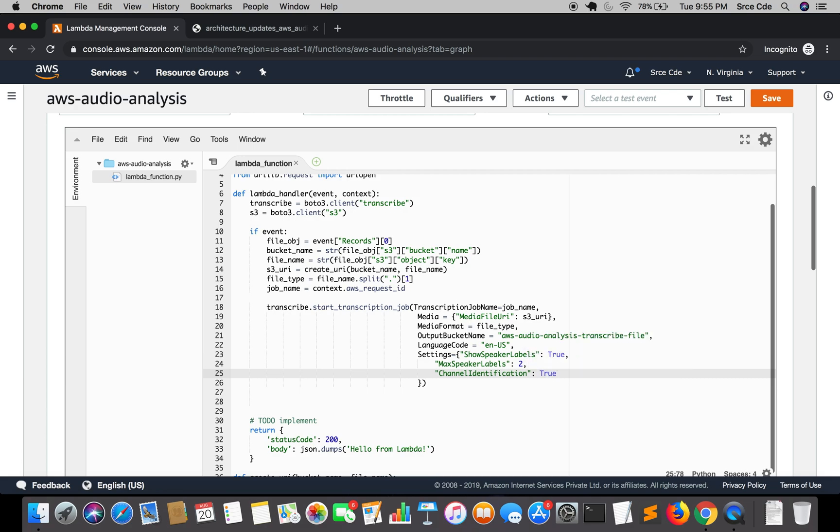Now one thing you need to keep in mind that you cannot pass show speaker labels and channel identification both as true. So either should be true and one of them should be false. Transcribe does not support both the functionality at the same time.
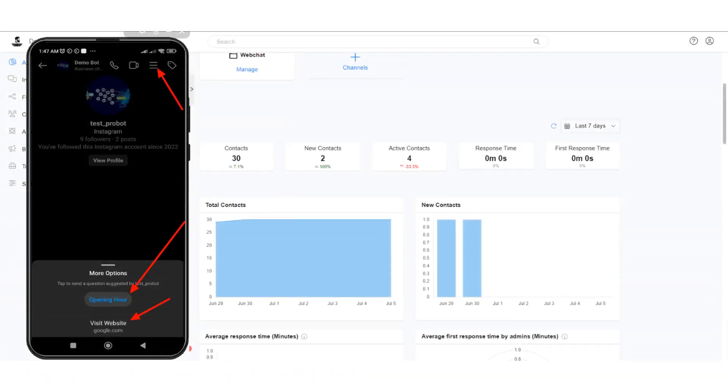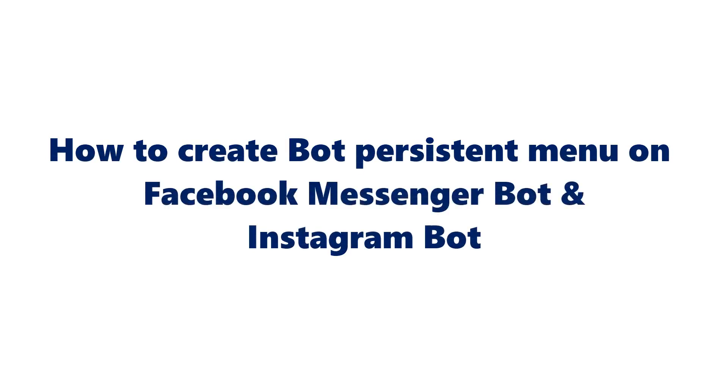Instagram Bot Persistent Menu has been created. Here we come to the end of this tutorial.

------------------------------

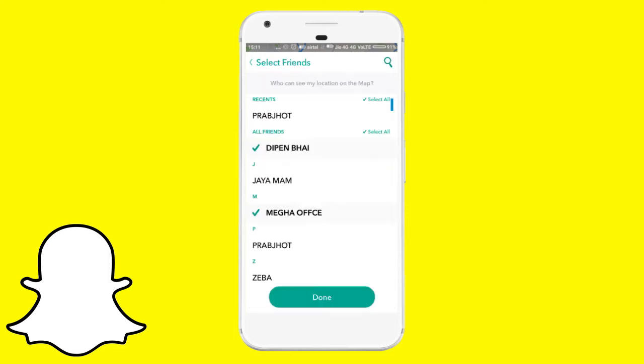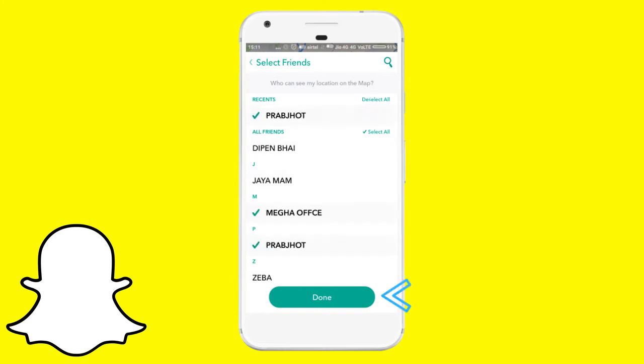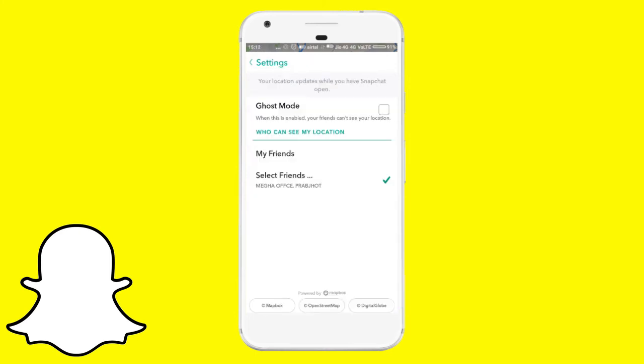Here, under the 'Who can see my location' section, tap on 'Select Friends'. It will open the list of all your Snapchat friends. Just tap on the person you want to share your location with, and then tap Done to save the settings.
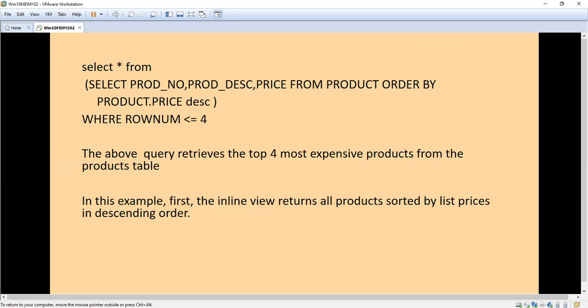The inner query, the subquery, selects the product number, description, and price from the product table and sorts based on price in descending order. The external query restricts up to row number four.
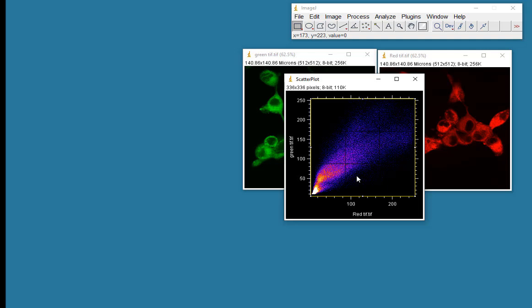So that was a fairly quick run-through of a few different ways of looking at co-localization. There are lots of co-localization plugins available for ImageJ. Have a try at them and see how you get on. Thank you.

------------------------------

[EXERCISE] Look above for the line with "The inner query, the" and copy exactly from it through the line with "So that was", both included. Omit the pictures.

[SOLUTION FOR THIS EXERCISE]
The inner query, the subquery, selects the product number, description, and price from the product table and sorts based on price in descending order. The external query restricts up to row number four.
So that was a fairly quick run-through of a few different ways of looking at co-localization. There are lots of co-localization plugins available for ImageJ. Have a try at them and see how you get on. Thank you.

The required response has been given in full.